Image is of Stirling Castle in Stirling, Scotland. More info can be found here.
This originally appeared as a weekly evo for whillschurch.org
Last night we opened Christmas gifts from my Dad and Mary while they were on FaceTime. (By the way, this is just one more reason why I think the iPhone is best invention ever. But I digress.)
Mary is my stepmother who turned my son and daughters to the dark side. She discipled my own kids against me right under my nose to become Auburn fans. I was powerless against her. My dad has questioned my paternal leadership because of this. My only response has been – she’s your wife and you couldn’t stop her either.
As the wrong kind of orange and blue presents were being unwrapped, my dad asked me – “How many Christmases is this for y’all?”
“Too many. I’ve quit fighting it.”
We will have Christmas with my Mom and Dad (stepdad). Christmas with Dad and Mary. Christmas with Amy’s parents. And then our kids will get the gifts we got them as well. It’s ridiculous and I’ve fought this for so many years and lost every single time. It’s hard enough for parents to win against one set of grandparents. Try three.

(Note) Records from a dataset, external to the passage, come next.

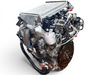 MazdaSpeed3 2007-2009 2.3L 4CYL 1st Gen Turbo Engine L3VDT Motor JDM L3 9616JT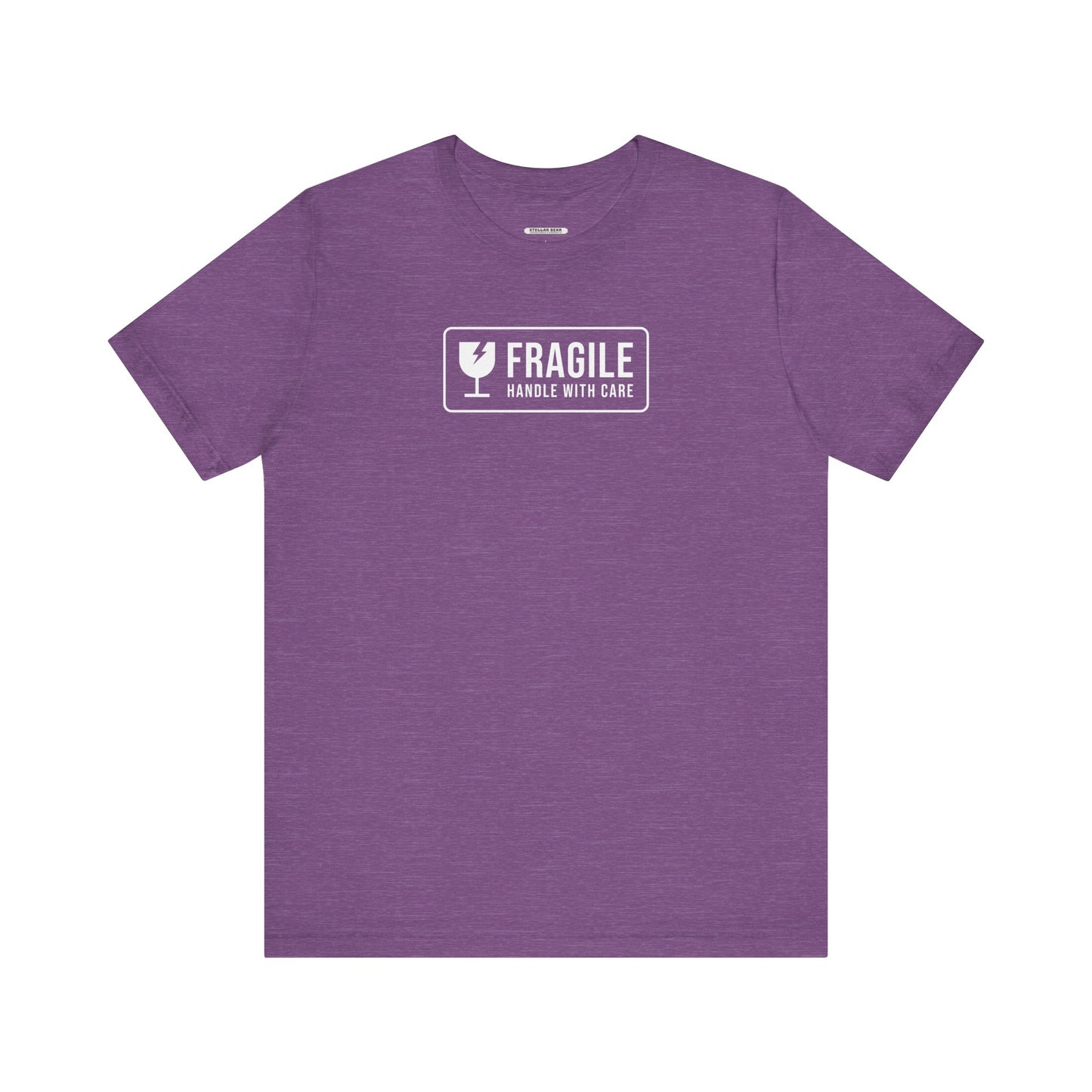 Fragile, Handle With Care T-Shirt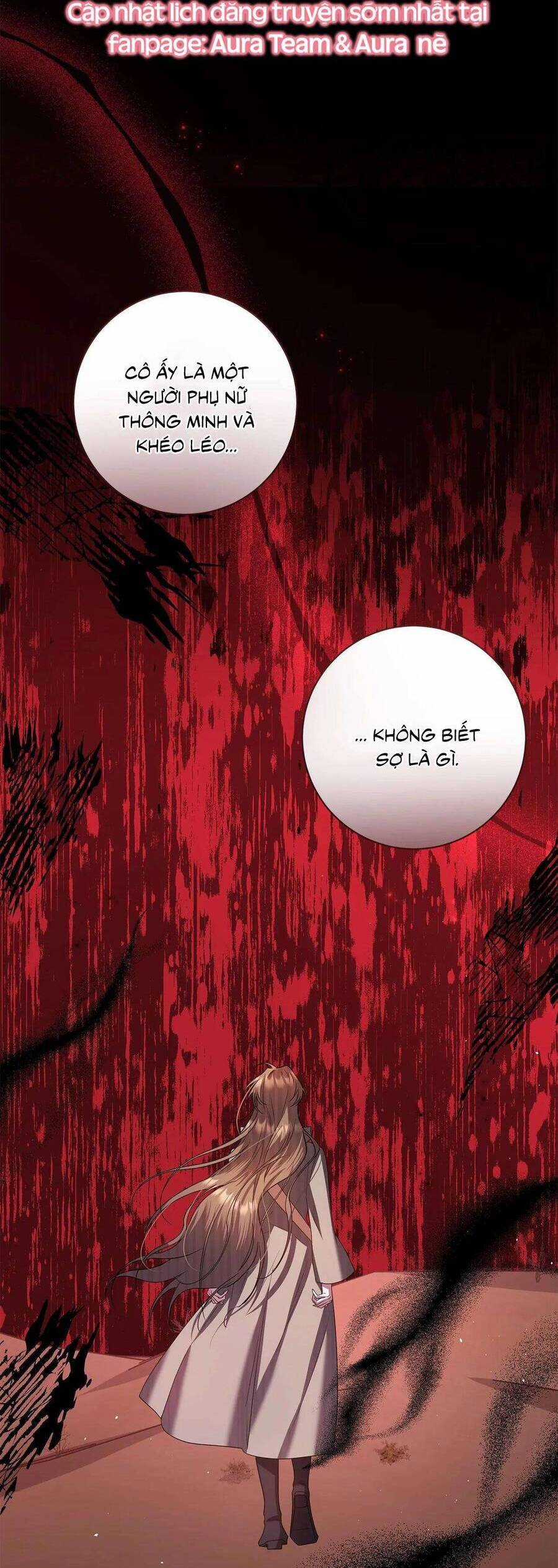 Vết Trăng Chương 22 trang 61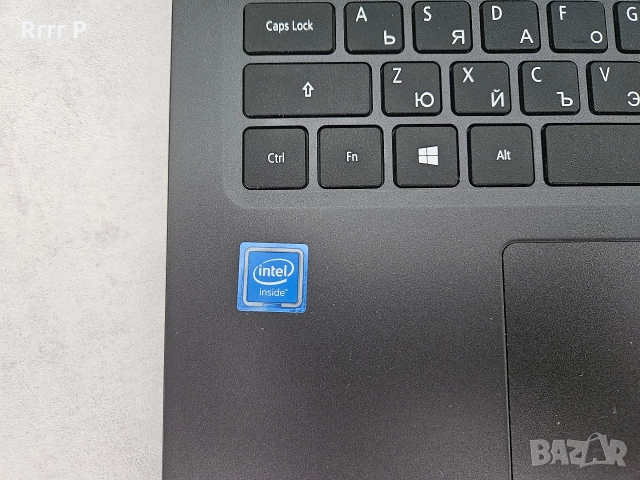 Лаптоп Acer Aspire 3 WIN 11 FULL HD 15.6 *ПОДАРЪК чанта и мишка, снимка 9 - Лаптопи за работа - 52795312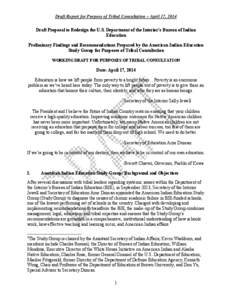 Bureau of Indian Affairs / Indian reservation / Navajo Nation / Education in India / Title 25 of the United States Code / Native Americans in the United States / American studies / United States / Bureau of Indian Education / American culture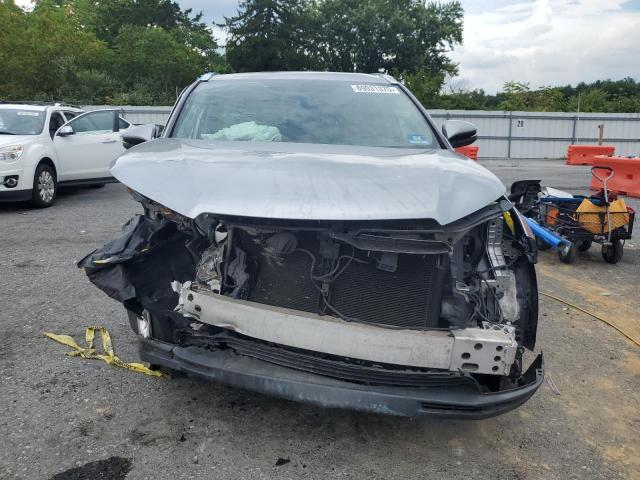 Photo 5 from auction – 2014 TOYOTA HIGHLANDER LIMITED with VIN 5TDDKRFH8ES060397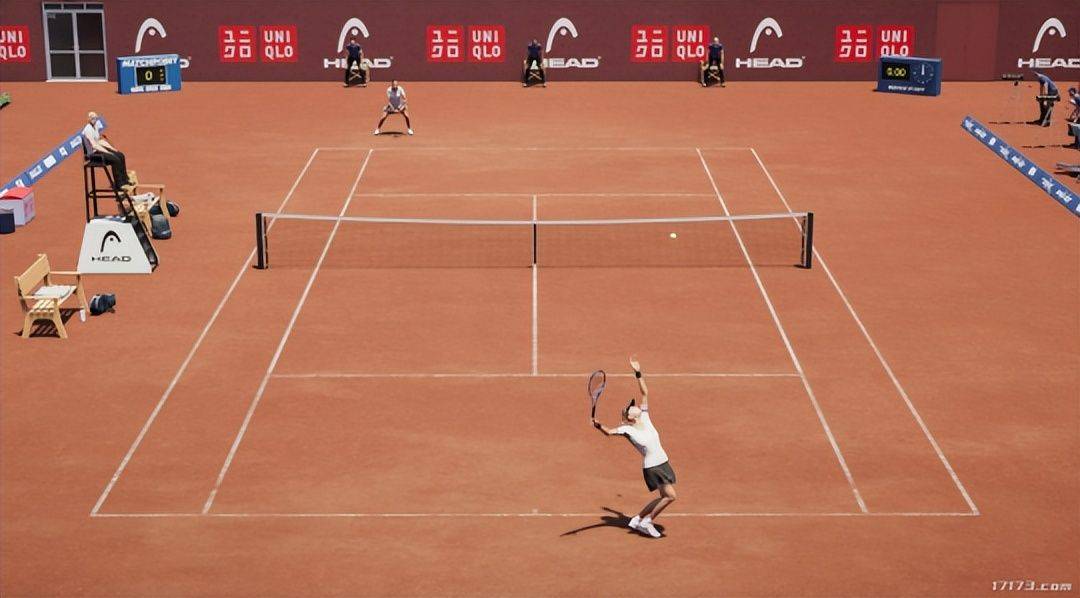 一些年轻球 一些年轻球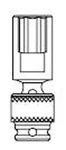Sunex Suu-219umd 1/2-inch Drive 19-mm Deep Universal Impact Socket. Fixed Price $39.64.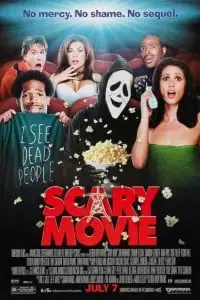 scary movie 2000 , zeefliz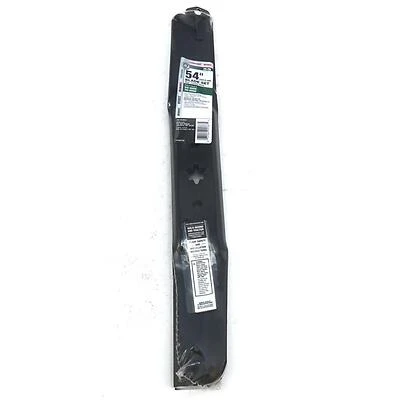 Troy-bilt 490-110-m143 2-in-1 High Lift Blade Set For 54 In. Riding Mowers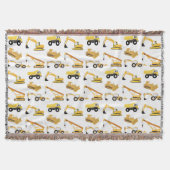 Bauart von Lastkraftwagen Decke (Vorderseite)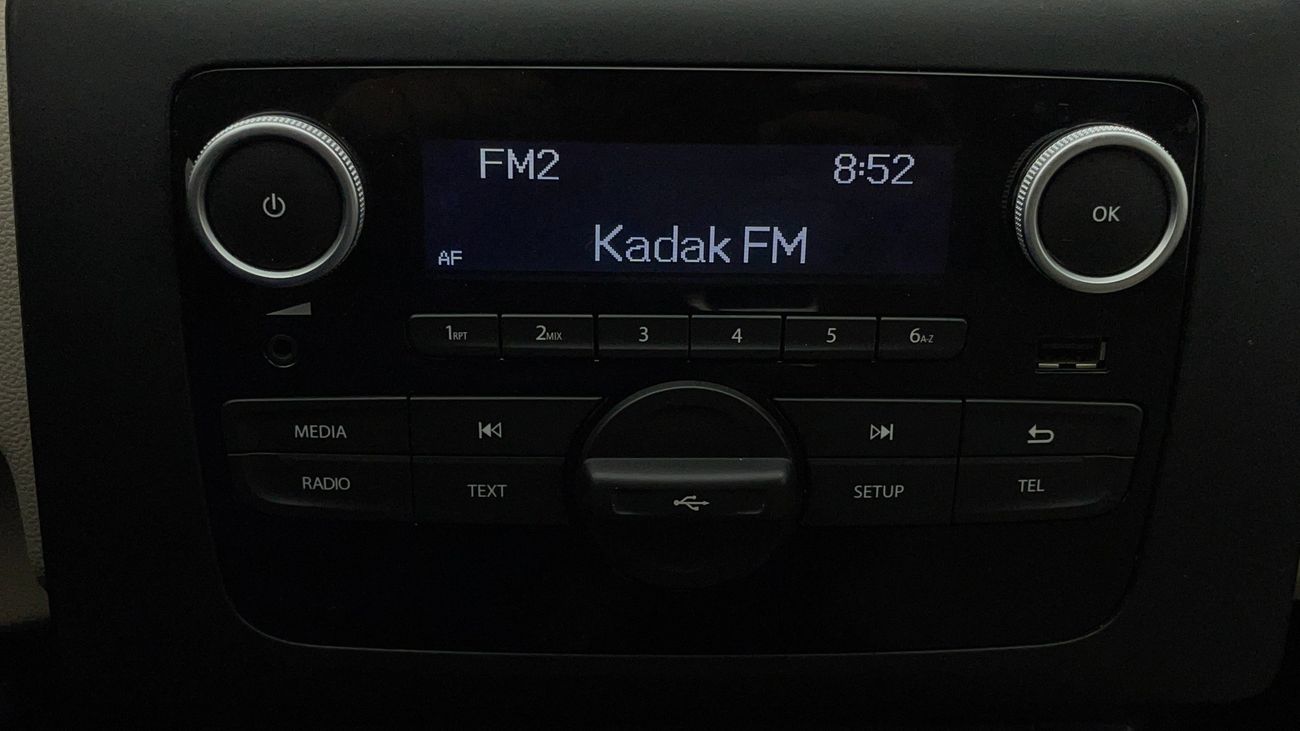 Renault Duster PE 1.6 | Zero Down Payment | Home Test Drive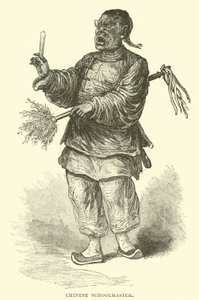 Maître d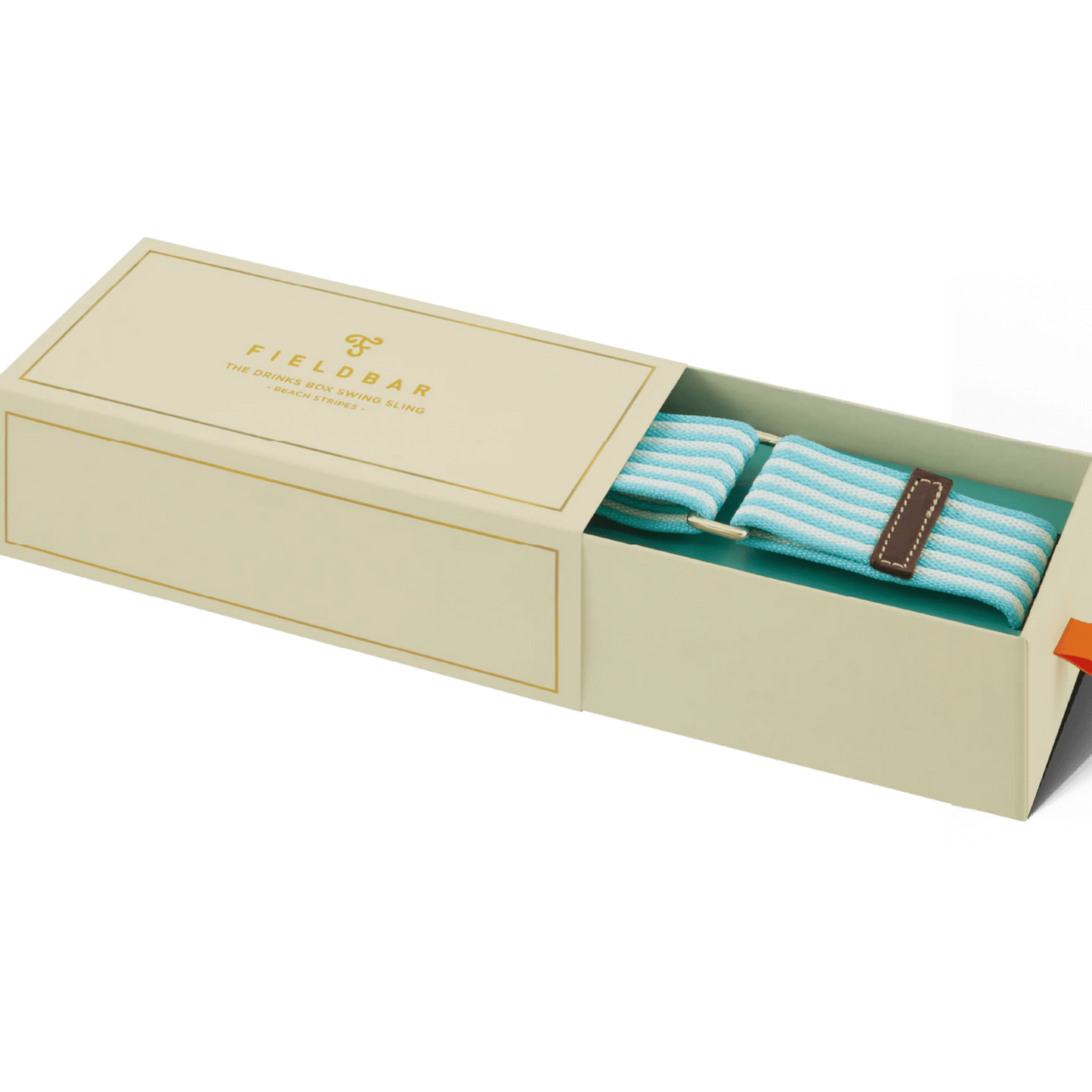 Drinks Box Swing Sling - Hosted by Kelly Gaudreau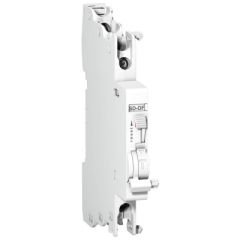 SCHNEIDER A9N26929 YARDIMCI KONTAK OC+1 SD VE OF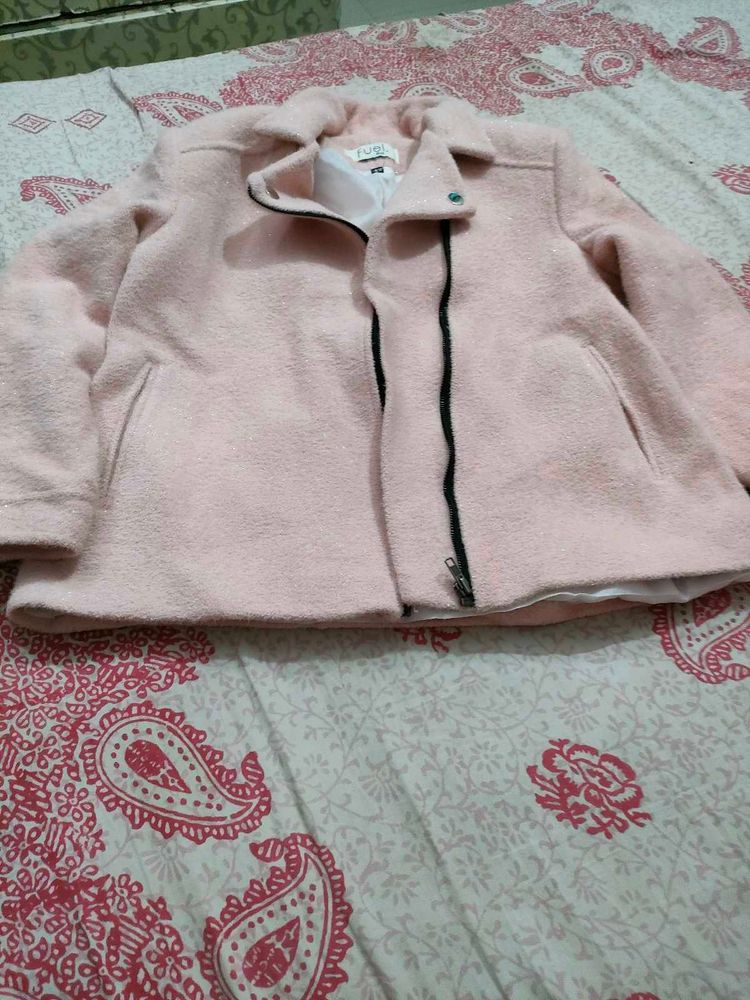 women's blazer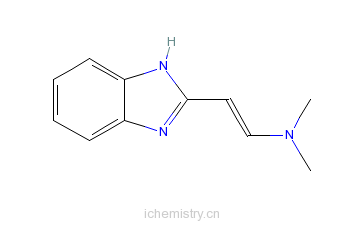 CAS:20973-88-0的分子结构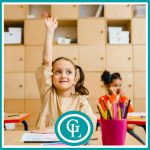 Vuelta al cole con la vista revisada en Ópticas Garcilent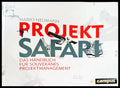 Projekt safari - Книги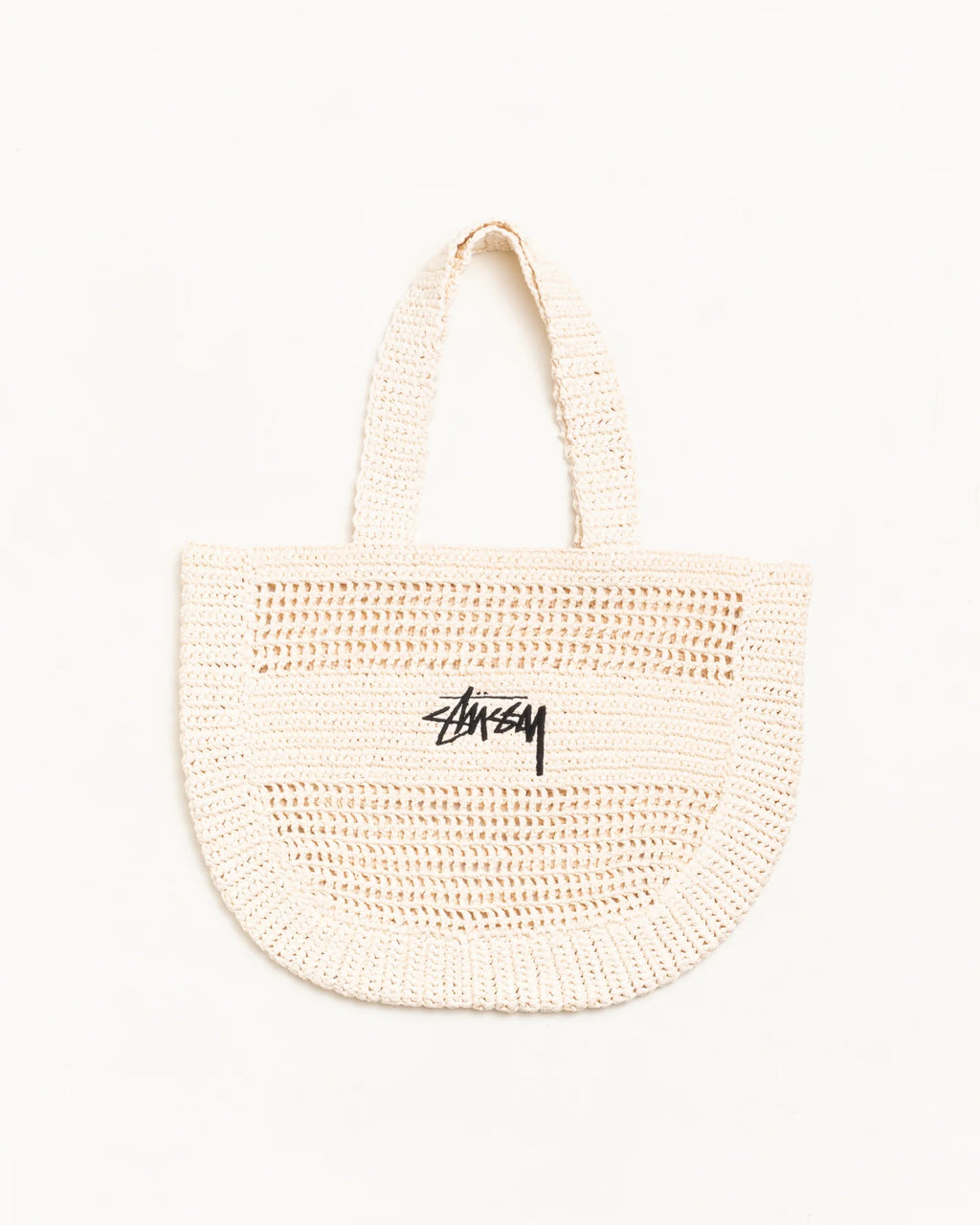 WOVEN TOTE BAG
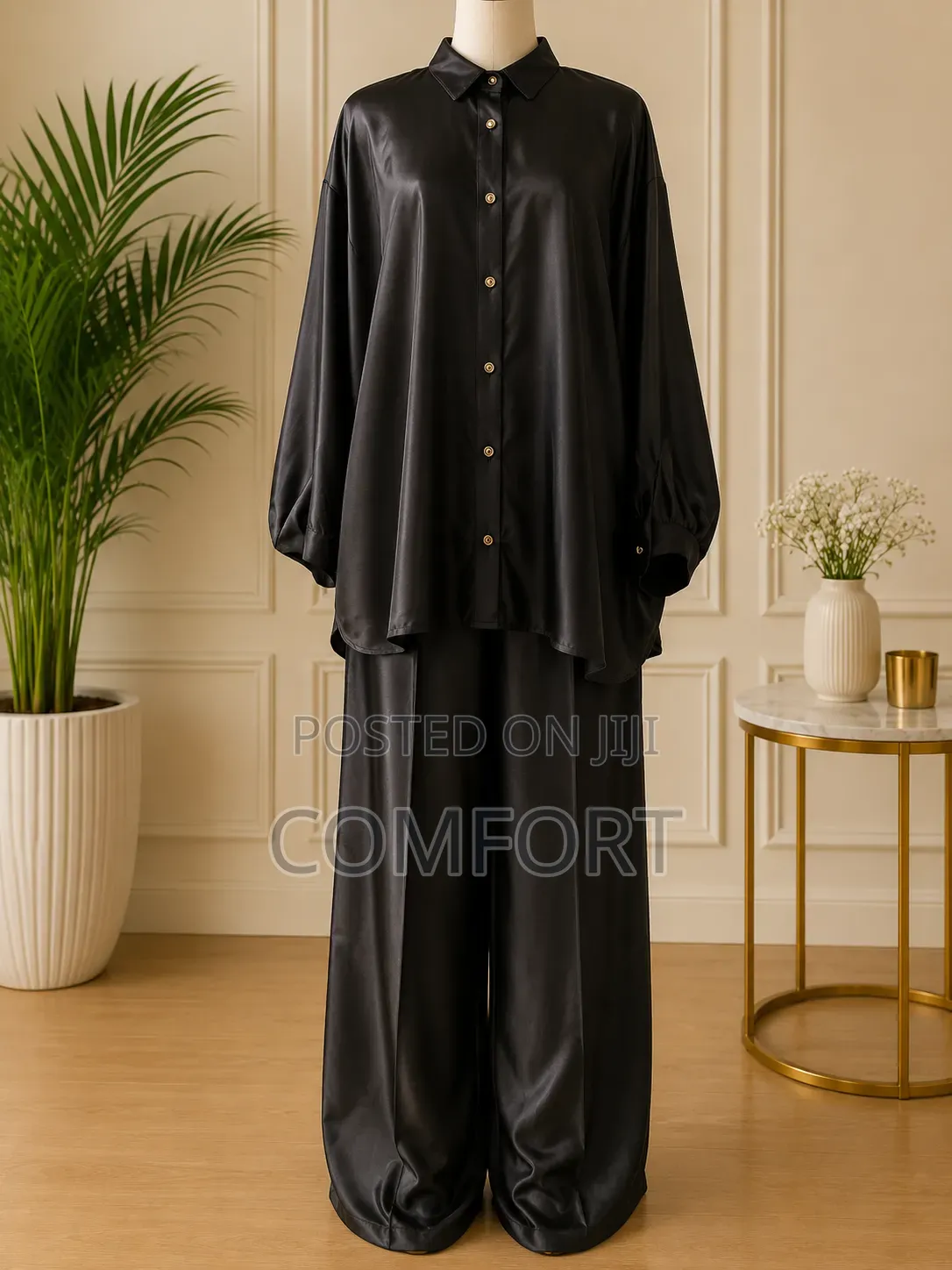 Ready to Wear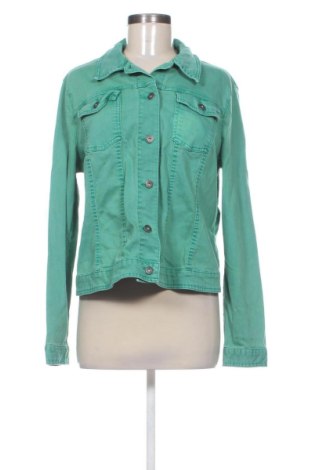 Geacă de femei S.Oliver, Mărime XL, Culoare Verde, Preț 73,26 Lei, #137307082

But 35 years ago, I would have never seen this day as a possibility. That was when my world was put upside down by my parent’s divorce. It wasn’t common back in the 70’s particularly in the Deep South. I had never heard of it. Didn’t even know that was possible.
But it was happening to me and it wasn’t pretty. At age 7, I understood little of what was going on. I just knew that my world was completely shattered and changing in ways I had no control over.
A very dark thread.
Black threads on a tapestry add depth, perspective, and balance. In the hands of a master artist, they give a framework for the masterpiece. They are never the focal point. But without them, the focal point never takes center stage. Those that enjoy the art hardly ever notice the black threads. We are too overwhelmed by the rest of the picture. But they are there.
We all get black threads. The question is what to do with them. Do we stuff them away? Denying the shame, guilt, and hurt? Believing that there is no place for them in our lives? Or do we make them the centerpiece? Choosing to be a victim forever more. Focusing on the darkness, believing that there really is no color left in life?
Only a true, gifted master artist can take a mistake, a blotch, a dark thread and weave into the larger picture to make it look like that it belong there all along. Using the mistake as a strength. Taking the bad and make it reflect something good.
But this requires leaving the black threads in the master’s hands. Allowing him to use it when and where he sees fit. It might not be immediately seen what he is doing but we trust his handiwork. We’ve seen him do this before – over and over again. So we trust him, even though it looks unfixable, unredeemable.
35 years later, I’m living in the middle of a rich, deep, wonderful tapestry. All of the in-laws, out-laws, and step-laws love each other. They exchange gifts between themselves. They’ve spent holidays all with each other over the years, stayed in each other’s houses. Impossible? 35 years ago – yes.
But God does his best work in the 9th hour with the darkest threads…when He’s given the chance. His own birth is proof of that.
Merry Christmas. And know that He still uses the dark threads.